81 ilde eş zamanlı seslendirilen basın açıklaması sırasında; işçiler; sık sık “İş ekmek yoksa barışta yok”, “Sadaka değil hakkımızı verin”, “Hak, hukuk, adalet” ve “İşçiden tasarruf istemiyoruz” şeklinde sloganlar attı.

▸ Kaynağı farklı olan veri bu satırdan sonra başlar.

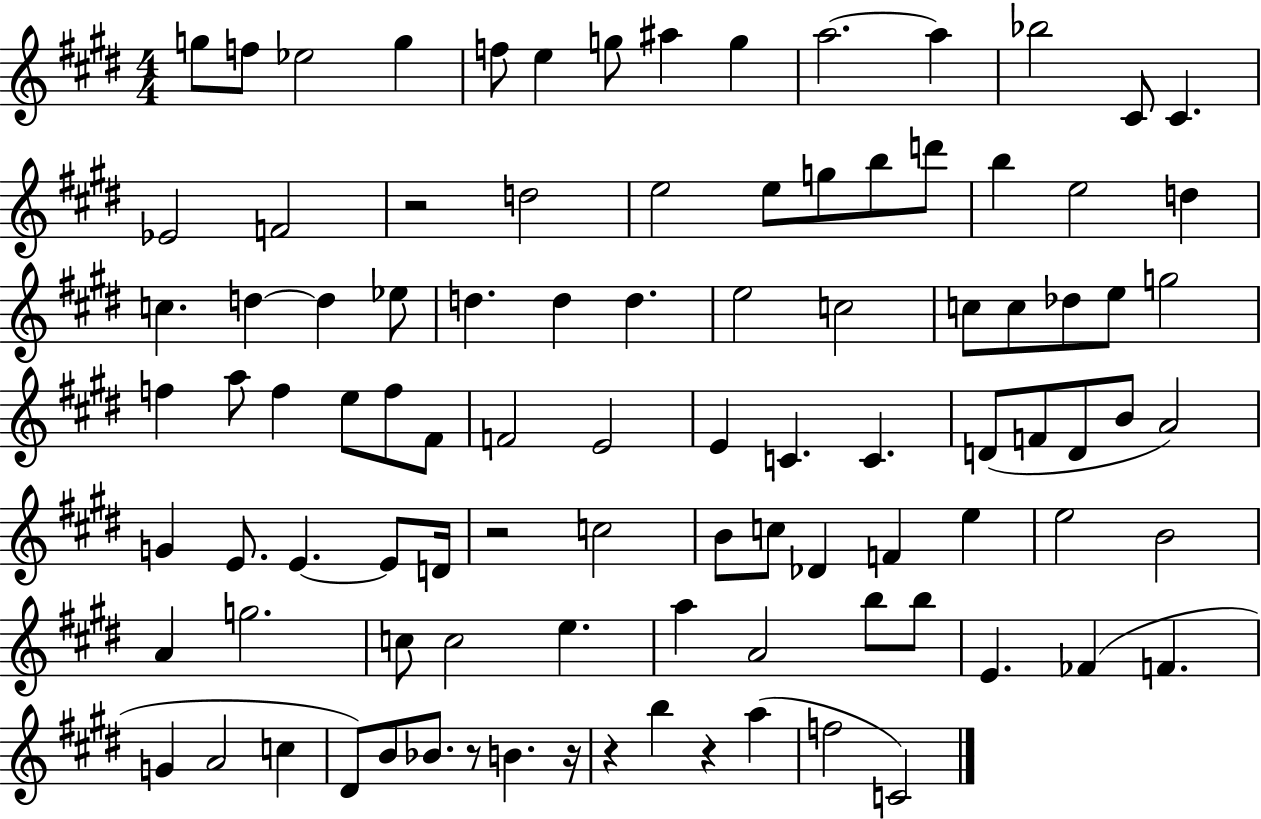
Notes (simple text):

G5/e F5/e Eb5/h G5/q F5/e E5/q G5/e A#5/q G5/q A5/h. A5/q Bb5/h C#4/e C#4/q. Eb4/h F4/h R/h D5/h E5/h E5/e G5/e B5/e D6/e B5/q E5/h D5/q C5/q. D5/q D5/q Eb5/e D5/q. D5/q D5/q. E5/h C5/h C5/e C5/e Db5/e E5/e G5/h F5/q A5/e F5/q E5/e F5/e F#4/e F4/h E4/h E4/q C4/q. C4/q. D4/e F4/e D4/e B4/e A4/h G4/q E4/e. E4/q. E4/e D4/s R/h C5/h B4/e C5/e Db4/q F4/q E5/q E5/h B4/h A4/q G5/h. C5/e C5/h E5/q. A5/q A4/h B5/e B5/e E4/q. FES4/q F4/q. G4/q A4/h C5/q D#4/e B4/e Bb4/e. R/e B4/q. R/s R/q B5/q R/q A5/q F5/h C4/h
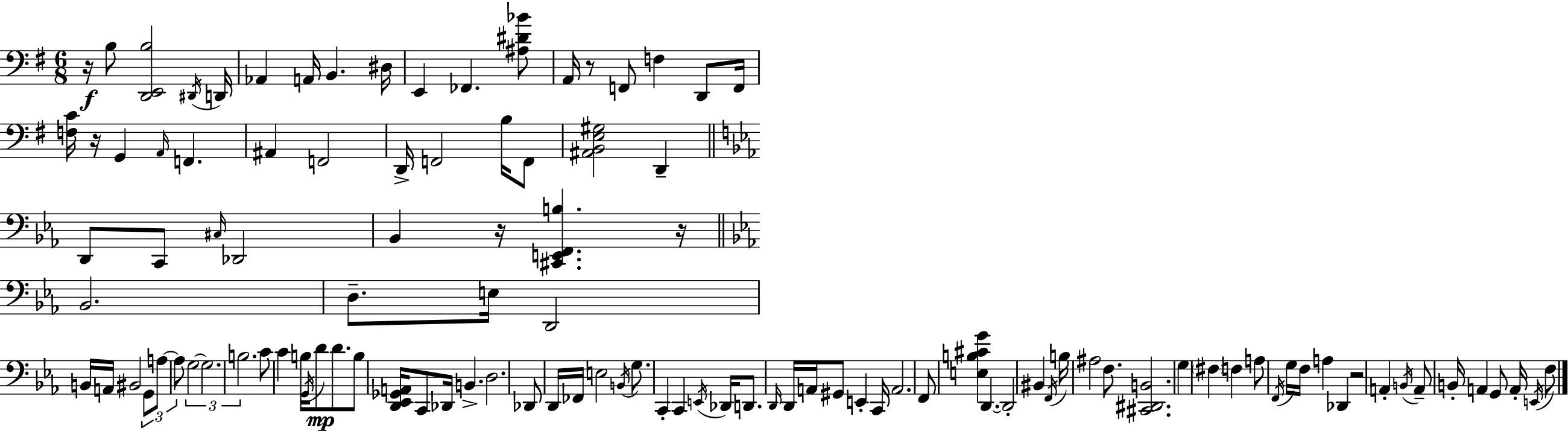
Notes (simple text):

R/s B3/e [D2,E2,B3]/h D#2/s D2/s Ab2/q A2/s B2/q. D#3/s E2/q FES2/q. [A#3,D#4,Bb4]/e A2/s R/e F2/e F3/q D2/e F2/s [F3,C4]/s R/s G2/q A2/s F2/q. A#2/q F2/h D2/s F2/h B3/s F2/e [A#2,B2,E3,G#3]/h D2/q D2/e C2/e C#3/s Db2/h Bb2/q R/s [C#2,E2,F2,B3]/q. R/s Bb2/h. D3/e. E3/s D2/h B2/s A2/s BIS2/h G2/e A3/e A3/e G3/h G3/h. B3/h. C4/e C4/q B3/s G2/s D4/e D4/e. B3/e [D2,Eb2,Gb2,A2]/s C2/e Db2/s B2/q. D3/h. Db2/e D2/s FES2/s E3/h B2/s G3/e. C2/q C2/q E2/s Db2/s D2/e. D2/s D2/s A2/s G#2/e E2/q C2/s A2/h. F2/e [E3,B3,C#4,G4]/q D2/q. D2/h BIS2/q F2/s B3/s A#3/h F3/e. [C#2,D#2,B2]/h. G3/q F#3/q F3/q A3/e F2/s G3/s F3/s A3/q Db2/q R/h A2/q B2/s A2/e B2/s A2/q G2/e A2/s E2/s F3/e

Karayolları 29. Şube Şefliği binası önünde gerçekleşen eylemde basın açıklamasını seslendiren TÜRK-İŞ’e bağlı Yol-İş Ayvalık Temsilcisi Hüseyin Aran, "Sıkıntılarımız artarak devam ediyor. Hayat pahalılığı, satın alma gücümüzdeki gerileme, adaletsiz vergi sistemi, kamu iş yerlerinde ücret dengesizliği, işsizlik, güvencesiz çalıştırma ve kayıt dışı ve mülteci istihdamı gibi sorunlar. Başta işçiler olmak üzere, toplumun büyük bir bölümünün yaşama şartlarını ağırlaştırmaktadır. Yani mutlu bir azınlık dışında halkımız geçim sıkıntısıyla mücadele etmektedir. Yaşadığımız sorunlara dikkat çekmek için önce geçtiğimiz ay 81 ilde basın açıklaması yaptık. Ardından 26 Ağustos’ta Tekirdağ/Çerkezköy’de, 3 Eylül’de ise Zonguldak’ta on binlerce işçinin katıldığı mitingler yaptık. Sesimizi duyurmak istedik. Sağduyulu davranmaya gayret ettik. Diyalog kapılarını açık tuttuk. Ancak bir sonuç alamadık. Sürekli sabırlı olmamız istendi. Ama bıçak kemiğe dayandı. Bundan sonra sözümüzü meydanlarda yüz binler ile söyleyeceğiz. Ekonomik krizin bedelini işçiler olarak biz ödemeyeceğiz” dedi.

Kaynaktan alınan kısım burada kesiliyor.